Okay, I see what you mean. Yeah, the Yuan/Mongols wiped the floor with the Japanese samurai at Tsushima and Iki before the kamikaze storm. However, the game does show the Mongols initially defeating the Japanese at Tsushima. So not sure where the historical inaccuracy is?
The inaccuracy comes with the resistance being the reason why they kicked them off the island instead of the invasion of Japan itself being a failure. The Khan character in the game is total fiction as well.
So they don't show the kamikaze storm later in the game? If not, then that would be historically inaccurate. The only reason the Mongol invasion failed is because Yuan ships got wrecked by the storms, not because of effective Japanese resistance. The samurai were still in their infancy at the time, so they were no match for an experienced Mongol horde that had conquered most of Eurasia. If it wasn't for the kamikaze storms, Japanese history would've turned out very different.
That's not true.
Japanese repelled the Mongol invasions in two key battles:the Battle of Bun'ei (1274) and the Battle of Kōan (1281)
They Samurai defeated them and sent them back to their ships that got wiped out by a storm. If the samurai resistance was a failure there would have been no need for the Mongols to retreat back to their ships.
The English Wikipedia articles aren't citing reliable sources and are only giving one side of the story (the Japanese perspective). In contrast, the Japanese Wikipedia articles on those same campaigns are citing reliable sources and, ironically, giving both the Japanese and Mongol sides of the story:
According to Chinese sources documenting the Mongol/Yuan perspective, the main reason the Mongols retreated was because they came poorly prepared and ran out of arrows, so they retreated to stockpile on arrows before storms wrecked their ships.

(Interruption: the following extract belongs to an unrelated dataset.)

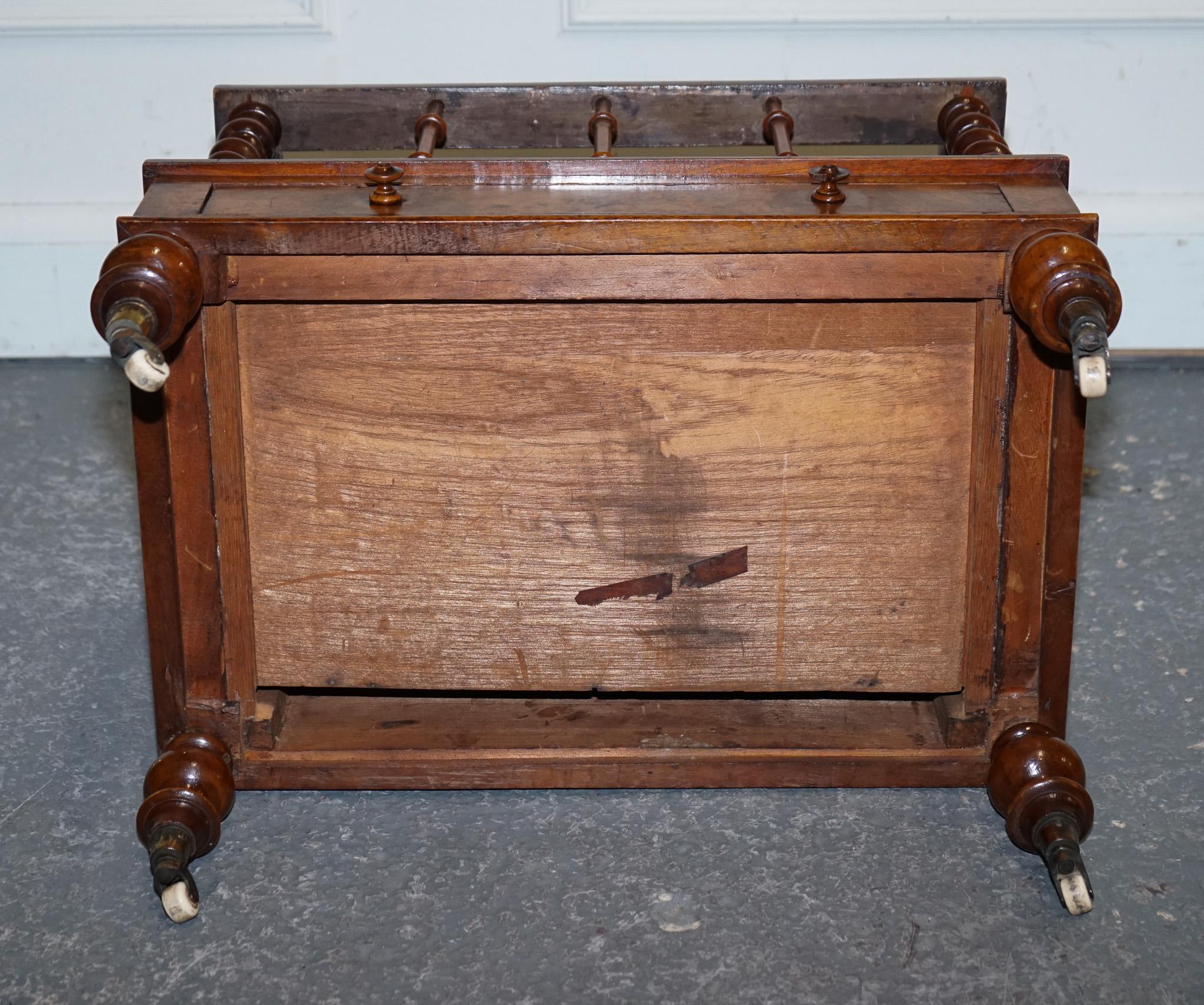 FINA COLUMNA ANTIGUA VICTORIANA 1860 BURR WALNUT CANTERBURY MAGAZINE RACK BOBBiN en venta 7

According to Japanese sources, samurai ambushed the Mongols and that forced the Mongols to retreat back to their ships where kamikaze storms wrecked their ships.

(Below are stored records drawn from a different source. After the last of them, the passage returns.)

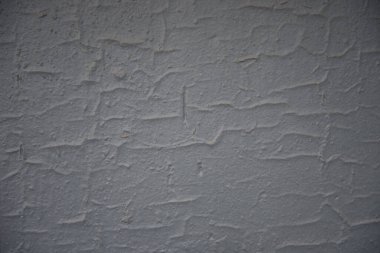 Şok edici kaplamalar, oyun alanlarında, stadyumlarda, koşu bantlarında ve kaldırımlarda kullanılan lastik kırıntılarından yapılır. Gri.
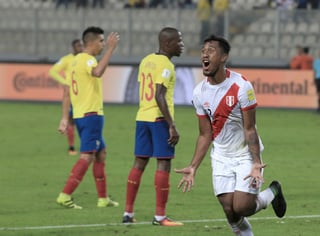 Renato Tapia anotó el gol del triunfo de los peruanos. (AP)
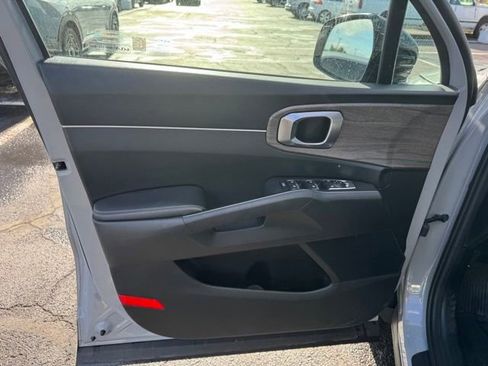 Used 2022 Kia Sorento S w/ Panoramic Sunroof Package AWD/4WD image 13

It's up to you guys which side of the story to believe (kind of like the Akira Kurosawa movie Rashomon). But I'm more inclined to believe the Mongol/Chinese side of the story. After all, we're talking about an experienced Mongol army that conquered most of Eurasia from Korea to Poland. And 13th-century samurai weren't as experienced or well-equipped as later samurai of the 16th and 17th centuries.
Or maybe both sides of the story are true. It could be the case that the Mongols running out of arrows is the reason the samurai were able to give some pushback to the Mongols prior to the kamikaze storm.